Saturday, January 4, 2014

Empty and Tired

It will soon be 2 years and 4 months since we lost James and I still feel so lost. I keep trying and trying but life keeps throwing bricks at me and I'm getting to be too old and slow to keep ducking them.

Over the long years that we were married I discovered there is the love, the friendship, and a good bit of mutual respect for each other, if you're lucky.  But most of all, and most necessary, is that it's about dependency whether we admit it or not.  We depended on each other in so many ways.  Some of them never even recognized until I'd lost him and was left alone. I see so much now and I know that a really big part of me is gone. I miss him.

This little map where James was born, where we live, the old dairy barn and cotton gin where he worked at different times in his life. And the cemetery where his ashes are buried. I think it's just over a mile across the fields from his birth place to his burial place. 


Every where I go there are reminders and memories, even to look outside my front door, across the field, to where he came into the world and lived for part of his life. His first job, when he was about 6,  was carrying water to the field hands in these fields.

 Lexa Baptist Church. James went to church and Sunday school here, was baptized here, we were married here, all of our children went to Sunday school here, and here is where we held his memorial service.

This is what is left of the old Dairy barn where James worked with his Dad for a year. He was in the 6th grade.  He'd get up in the wee hours of the morning to help with the milking, then go to school. After school he'd hurry home to help until 8 or 9 pm then start all over again the next day.

Later on they share-cropped with a farmer his dad worked for.  When he and his brothers weren't in school they worked the fields and on weekends the brothers mowed nearly every yard in Lexa.

This was our first home.  The door there was the entrance to a 4 room apartment that Mrs.
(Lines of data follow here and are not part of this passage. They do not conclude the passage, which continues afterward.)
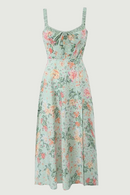 Women Summer Sweet Floral Cute Square Collar Sleeveless Midi Dress Slim Backless Chic Split Tank Dresses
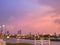 Abstract blur photo of CityScape of Bangkok City and Chao Phraya River with Beautiful Sunset in Bangkok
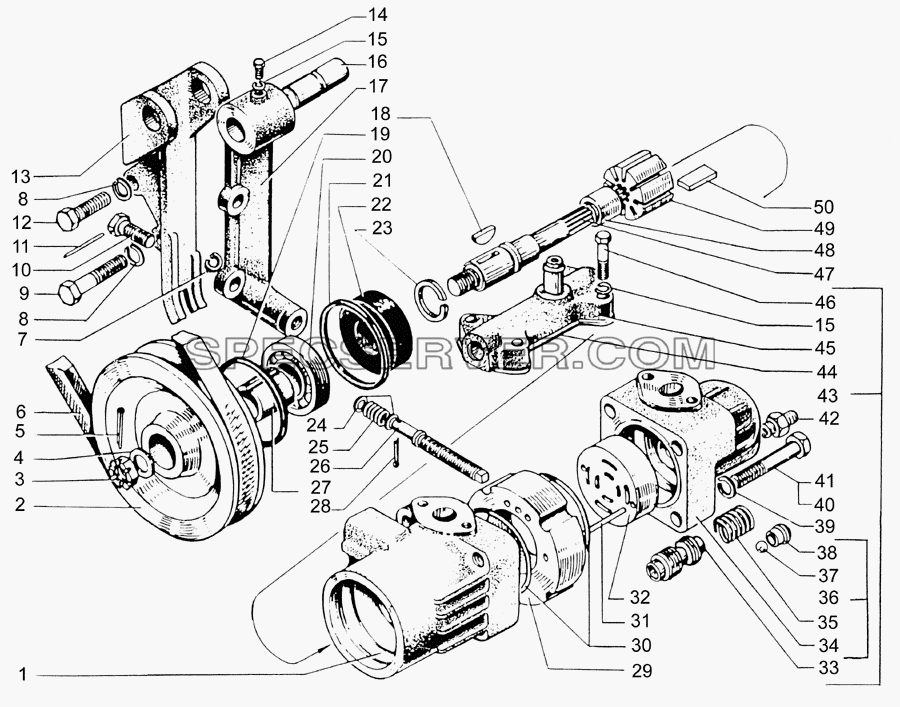 Насос масляный рулевого усилителя для КрАЗ-65053-02 (список запасных частей)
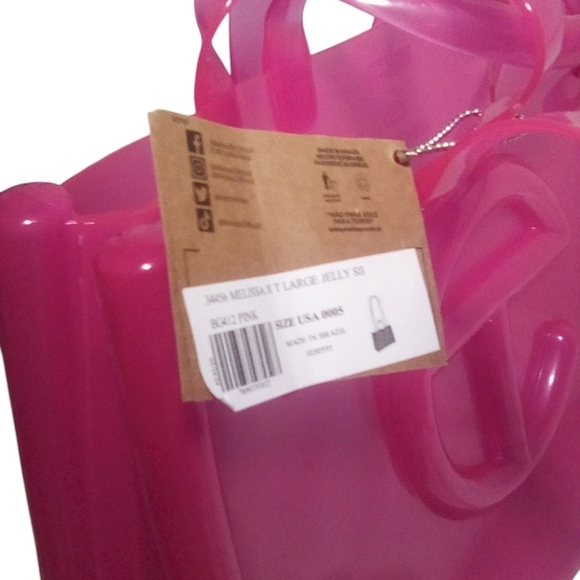 Telfar x Melissa Women NWT Double Handle Large Pink Jelly Shopping Bag Purse - Picture 7 of 9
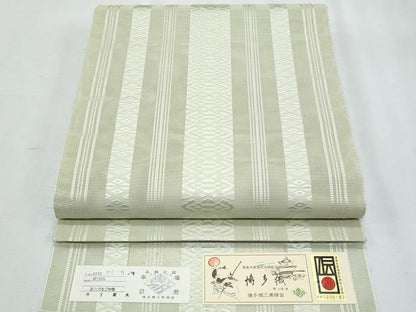 平和屋着物＊夏物　本場筑前博多織　八寸名古屋帯　紗献上　若芽色　木下節夫作　証紙付き　正絹　逸品　CABI5894fb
Griffin, the house owner, rented out for $15 per week, utilities included. The kitchen was very tiny and had an apartment sized sink and stove. At the end where the two window are, was the dining part of the kitchen. A little table with 2 chairs fit there.  The bathroom was teeny, tiny with barely enough room for the commode, a sink, and a shower. It wasn't big enough for a bath tub.  After passing through the kitchen, about 3 1/2 steps, there was a decent sized living room and bedroom.  I remember the living room had red and black square tiles that I would wax to make them shiny.  Trisha was born while we lived here and we stayed until she was about 4 months old.  I remember that Mrs. Griffin had a little gold fish pond in the front yard.


North Creek Gin.  James worked sometimes as many as 19 and 20 hours straight at this gin. Even when he wasn't there he sometimes had nightmares about getting his hand caught and pulled off in the spindles of the stands.  It was a busy place in it's time and that gin yard would be full of trailers full of cotton waiting to be ginned.


Another picture of the gin looking at the inside where the stands used to be that pulled the seeds from the cotton so the lint could be baled up.  I guess they store hay in there now. The orb showed up only in this picture and I like to think it was James letting me know he was there.  The cemetery can be seen from this old relic, so maybe he was.



Here is Central Cemetery. I took this while standing in the gin yard so you can see how close it is to one of the places where he once worked.  He was the one who used to visit the family members here but now I've been going every so often to clear away leaves and limbs.

I guess that's it for now.  It has taken me a long time to get these words and images from my heart to my blog but it's finally done.  We have so much to learn, Zach and I, and more hurdles to get through.  We'll do it. We have to.